Personal information
- Nicknames: Likaz; Lkz
- Born: October 23, 1987 (age 38) Cairo, Egypt
- Height: 1.70 m (5 ft 7 in)
- Weight: 52 kg (115 lb)

Sport
- Country: Egypt
- Handedness: Right Handed
- Turned pro: 2005
- Coached by: Talha Hussein Akram Youssef Mohamed Ismail
- Racquet used: Tecnifibre

Women's singles
- Highest ranking: No. 80 (October, 2006)

= Lina El Tannir =

Egyptian squash player (born 1987)

Lina El Tannir (born October 23, 1987, in Cairo) is a former professional squash player who represented Egypt.

El Tannir started playing squash when she was twelve years old because her cousin, Heba Abu Ouf - former Egyptian national champion - and brother, Mohamed El Tannir, already did.
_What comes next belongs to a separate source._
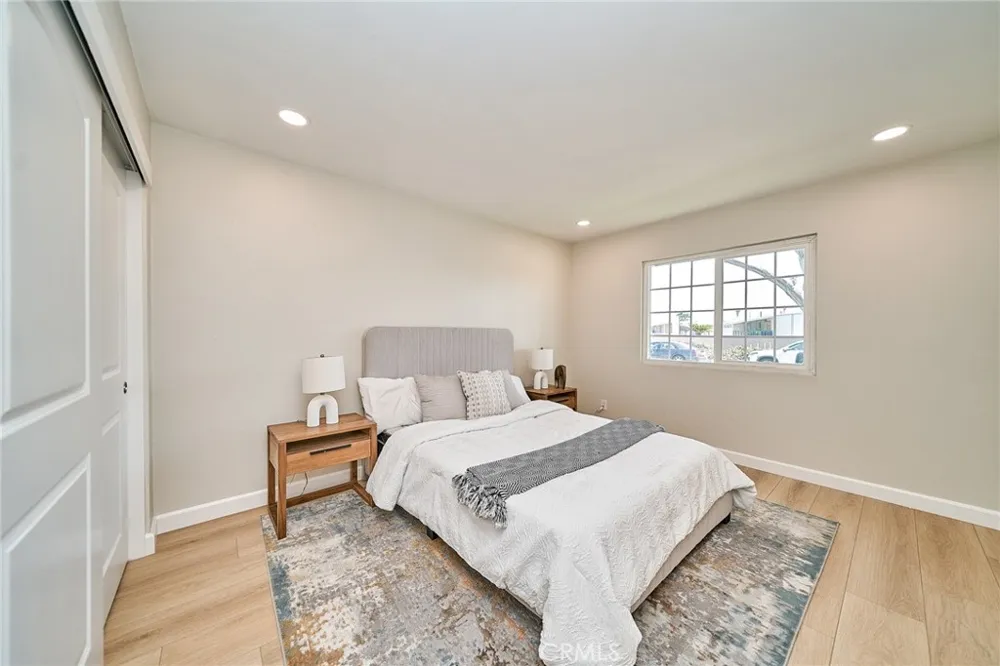 20815 Gridley Rd. Lakewood, CA 90715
Based at the Cairo’s Gezira Club, she was coached by Talha Hussein, Mohamed Ismail and Akram Youssef.

As a junior, El Tannir won many national events and several international tournaments. These included the German Junior Open twice (2002 & 2005), the British Junior Open (2006). She was also runner up in the Dutch Junior Open in 2002. She also represented Egypt in the World Junior Team Championship in 2005.

El Tannir was ranked third in the national swimming team when she was twelve and second in the national gymnastics team when she was eight. El Tannir reached a career-high world professionals ranking of World No. 80 in October 2006.